Sollten Energieunternehmen, die von der durch den Angriffskrieg Russlands gegen die Ukraine ausgelösten Krise proftieren, zusätzlich besteuert werden, um den Staat und dann auch Verbraucher*innen zu entlasten? Ein Antrag der Linksfraktion, der am Freitag im Bundestag behandelt wurde, fordert genau das: »außerordentliche Krisengewinne von Energiekonzernen abschöpfen«. Der konkrete Vorschlag ist eine sogenannte Übergewinnsteuer, für die sich die Linke an einer in Italien geplanten Regelung orientiert. Dort hat Premierminister Mario Draghi vor kurzem angekündigt, die bereits bestehende sogenannte Übergewinnsteuer für Energiekonzerne auf Extraprofite infolge von Preisanstiegen von zehn auf 25 Prozent zu erhöhen.

Die Linksfraktion fordert, auch in Deutschland den Teil der diesjährigen Unternehmensgewinne von Energiekonzernen, der die Gewinne des Vorjahres um mehr als zehn Millionen Euro übersteigt, einer Übergewinnsteuer von 25 Prozent zu unterwerfen. Christian Görke, finanzpolitischer Sprecher der Linksfraktion, erinnerte in der Debatte daran, dass in Deutschland vier Millionen Menschen in Altersarmut leben, während die Energiekonzerne auch auf ihre Kosten riesige Gewinne einfahren. Allein die europäischen Mineralölkonzerne hätten laut einem Bericht der EU-Kommission eine zusätzliche Gewinnerwartung von 200 Milliarden Euro, so Görke.

Es fanden sich überraschend viele Stimmen aus den drei Regierungsparteien, die mit dem Anliegen des Antrags sympathisierten, auch wenn sie ihm nicht zustimmen wollten. Die angestoßene Debatte wollten viele weiterführen. »Es fühlt sich nicht richtig an, dass Unternehmen aus dieser Situation heraus solche Gewinne erzielen können«, sagte der SPD-Abgeordnete Armand Zorn.
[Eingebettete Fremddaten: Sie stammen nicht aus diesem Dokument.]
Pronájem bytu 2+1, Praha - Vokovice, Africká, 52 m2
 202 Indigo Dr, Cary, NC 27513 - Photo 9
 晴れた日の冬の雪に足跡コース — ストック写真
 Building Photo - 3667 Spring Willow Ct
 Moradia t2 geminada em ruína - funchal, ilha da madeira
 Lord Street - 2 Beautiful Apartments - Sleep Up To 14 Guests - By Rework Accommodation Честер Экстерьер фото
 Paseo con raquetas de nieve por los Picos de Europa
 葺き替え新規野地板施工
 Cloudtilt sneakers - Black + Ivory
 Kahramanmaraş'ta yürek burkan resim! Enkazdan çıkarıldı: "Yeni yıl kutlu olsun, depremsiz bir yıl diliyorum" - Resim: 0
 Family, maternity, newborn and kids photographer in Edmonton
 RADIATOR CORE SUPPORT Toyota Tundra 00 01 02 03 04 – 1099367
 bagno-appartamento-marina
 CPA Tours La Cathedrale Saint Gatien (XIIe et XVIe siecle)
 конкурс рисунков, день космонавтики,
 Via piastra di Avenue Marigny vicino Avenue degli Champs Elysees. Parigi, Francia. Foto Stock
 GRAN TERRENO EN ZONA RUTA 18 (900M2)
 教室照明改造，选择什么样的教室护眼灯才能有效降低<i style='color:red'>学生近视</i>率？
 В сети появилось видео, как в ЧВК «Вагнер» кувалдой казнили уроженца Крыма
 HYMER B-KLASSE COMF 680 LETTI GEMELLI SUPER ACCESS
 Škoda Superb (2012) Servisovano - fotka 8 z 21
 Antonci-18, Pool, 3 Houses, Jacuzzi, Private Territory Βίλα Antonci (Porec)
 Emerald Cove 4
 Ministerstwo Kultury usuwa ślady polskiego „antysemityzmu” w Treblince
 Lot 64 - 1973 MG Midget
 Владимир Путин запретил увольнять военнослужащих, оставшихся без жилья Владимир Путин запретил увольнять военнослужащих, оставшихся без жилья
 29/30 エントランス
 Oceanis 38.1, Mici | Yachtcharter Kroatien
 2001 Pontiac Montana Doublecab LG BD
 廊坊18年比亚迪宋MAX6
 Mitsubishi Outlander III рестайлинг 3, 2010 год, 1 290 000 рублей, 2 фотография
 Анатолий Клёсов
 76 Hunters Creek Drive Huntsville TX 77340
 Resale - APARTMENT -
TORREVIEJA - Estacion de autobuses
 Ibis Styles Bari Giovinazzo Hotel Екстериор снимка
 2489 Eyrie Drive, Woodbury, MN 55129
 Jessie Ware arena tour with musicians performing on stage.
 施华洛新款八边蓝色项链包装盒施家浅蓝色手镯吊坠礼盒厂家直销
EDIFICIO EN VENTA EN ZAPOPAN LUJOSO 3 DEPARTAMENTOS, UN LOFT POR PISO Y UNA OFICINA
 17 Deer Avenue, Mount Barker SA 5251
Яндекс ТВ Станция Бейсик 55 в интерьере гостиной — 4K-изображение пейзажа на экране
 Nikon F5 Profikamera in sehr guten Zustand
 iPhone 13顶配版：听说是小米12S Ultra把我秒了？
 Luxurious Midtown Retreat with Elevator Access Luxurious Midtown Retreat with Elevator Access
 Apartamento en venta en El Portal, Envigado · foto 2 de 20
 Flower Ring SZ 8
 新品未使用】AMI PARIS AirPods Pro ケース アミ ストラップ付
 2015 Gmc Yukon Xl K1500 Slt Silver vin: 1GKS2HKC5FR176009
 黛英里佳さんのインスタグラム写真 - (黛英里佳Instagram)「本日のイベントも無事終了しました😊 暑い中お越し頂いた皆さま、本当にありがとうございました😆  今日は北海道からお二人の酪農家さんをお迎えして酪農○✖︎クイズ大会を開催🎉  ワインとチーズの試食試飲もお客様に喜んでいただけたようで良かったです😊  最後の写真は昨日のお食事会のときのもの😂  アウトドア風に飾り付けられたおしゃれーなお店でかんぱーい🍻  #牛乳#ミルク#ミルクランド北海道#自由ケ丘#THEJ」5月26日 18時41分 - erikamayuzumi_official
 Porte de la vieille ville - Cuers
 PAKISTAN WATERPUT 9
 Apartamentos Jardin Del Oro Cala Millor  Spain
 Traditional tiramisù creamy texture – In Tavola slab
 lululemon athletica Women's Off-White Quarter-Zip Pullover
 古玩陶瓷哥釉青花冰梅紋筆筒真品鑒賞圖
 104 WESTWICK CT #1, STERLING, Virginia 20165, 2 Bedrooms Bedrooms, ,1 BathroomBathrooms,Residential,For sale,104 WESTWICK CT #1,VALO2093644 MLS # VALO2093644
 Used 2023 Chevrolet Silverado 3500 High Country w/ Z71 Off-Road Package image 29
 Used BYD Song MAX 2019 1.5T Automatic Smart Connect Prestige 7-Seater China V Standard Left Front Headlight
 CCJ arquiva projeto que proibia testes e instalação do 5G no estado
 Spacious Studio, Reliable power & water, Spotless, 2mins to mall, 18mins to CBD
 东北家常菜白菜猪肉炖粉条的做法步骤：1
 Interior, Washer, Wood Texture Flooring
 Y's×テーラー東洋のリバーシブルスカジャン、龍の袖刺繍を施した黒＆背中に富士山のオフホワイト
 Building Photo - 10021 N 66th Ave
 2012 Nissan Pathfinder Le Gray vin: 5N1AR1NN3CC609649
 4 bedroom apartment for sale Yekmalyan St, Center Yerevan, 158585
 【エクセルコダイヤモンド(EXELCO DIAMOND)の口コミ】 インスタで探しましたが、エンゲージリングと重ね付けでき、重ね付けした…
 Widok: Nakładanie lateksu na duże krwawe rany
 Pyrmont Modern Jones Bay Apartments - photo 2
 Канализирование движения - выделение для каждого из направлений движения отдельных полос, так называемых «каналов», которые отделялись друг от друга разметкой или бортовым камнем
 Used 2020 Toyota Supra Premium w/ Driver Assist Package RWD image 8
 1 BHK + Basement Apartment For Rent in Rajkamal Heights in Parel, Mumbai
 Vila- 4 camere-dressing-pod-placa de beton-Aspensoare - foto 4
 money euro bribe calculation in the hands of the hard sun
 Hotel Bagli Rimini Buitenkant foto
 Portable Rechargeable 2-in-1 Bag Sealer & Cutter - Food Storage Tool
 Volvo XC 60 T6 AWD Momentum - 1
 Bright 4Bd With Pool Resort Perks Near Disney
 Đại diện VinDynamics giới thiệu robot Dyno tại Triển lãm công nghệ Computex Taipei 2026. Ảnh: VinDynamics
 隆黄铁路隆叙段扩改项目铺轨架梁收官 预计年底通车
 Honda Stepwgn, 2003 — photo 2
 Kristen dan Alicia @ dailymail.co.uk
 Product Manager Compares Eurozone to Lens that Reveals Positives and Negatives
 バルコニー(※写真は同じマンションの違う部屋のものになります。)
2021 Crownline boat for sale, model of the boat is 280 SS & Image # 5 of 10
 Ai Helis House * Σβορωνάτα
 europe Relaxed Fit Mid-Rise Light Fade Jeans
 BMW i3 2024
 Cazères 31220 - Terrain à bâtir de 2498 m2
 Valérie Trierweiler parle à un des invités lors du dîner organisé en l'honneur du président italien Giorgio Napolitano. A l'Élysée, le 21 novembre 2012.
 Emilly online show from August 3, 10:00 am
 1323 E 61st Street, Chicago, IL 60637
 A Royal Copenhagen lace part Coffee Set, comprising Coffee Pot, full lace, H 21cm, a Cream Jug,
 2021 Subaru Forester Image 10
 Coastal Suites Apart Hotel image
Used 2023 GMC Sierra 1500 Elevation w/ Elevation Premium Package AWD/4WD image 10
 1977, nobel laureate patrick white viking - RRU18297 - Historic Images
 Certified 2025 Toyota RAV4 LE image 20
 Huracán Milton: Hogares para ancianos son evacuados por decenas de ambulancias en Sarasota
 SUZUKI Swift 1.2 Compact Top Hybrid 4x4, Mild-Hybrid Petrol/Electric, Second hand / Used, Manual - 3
Sein Parteikollege Bernhard Daldrup betonte, der Impuls des Antrags sei »gut«. Er warnte jedoch davor, mit der Übergewinnsteuer ein falsches Zeichen zu setzen und Unternehmen zu bestrafen, die Gewinne erzielten.

Auch Katharina Beck (Grüne) sieht das Problem, auf das der Antrag reagiert: »Gute Märkte regeln auch einen guten Preis. Was wir jedoch aktuell an den Tankstellen und an den Strommärkten sehen, ist alles andere als ideal.« Beck sah jedoch eher kartellrechtliche Herausforderungen. Auch Markus Herbrand von der FDP verwies auf das Kartellrecht. Die Übergewinnsteuer nannte er eine »Schnapsidee«. Alois Rainer (CDU/CSU), sagte, man könnte dem Antrag durchaus etwas Gutes abgewinnen. Er betonte jedoch das Ziel, Deutschland unabhängiger vom russischen Gas und Öl zu machen, und schlug vor, die Unternehmen könnten ihre Gewinne in Forschung und Innovation investieren.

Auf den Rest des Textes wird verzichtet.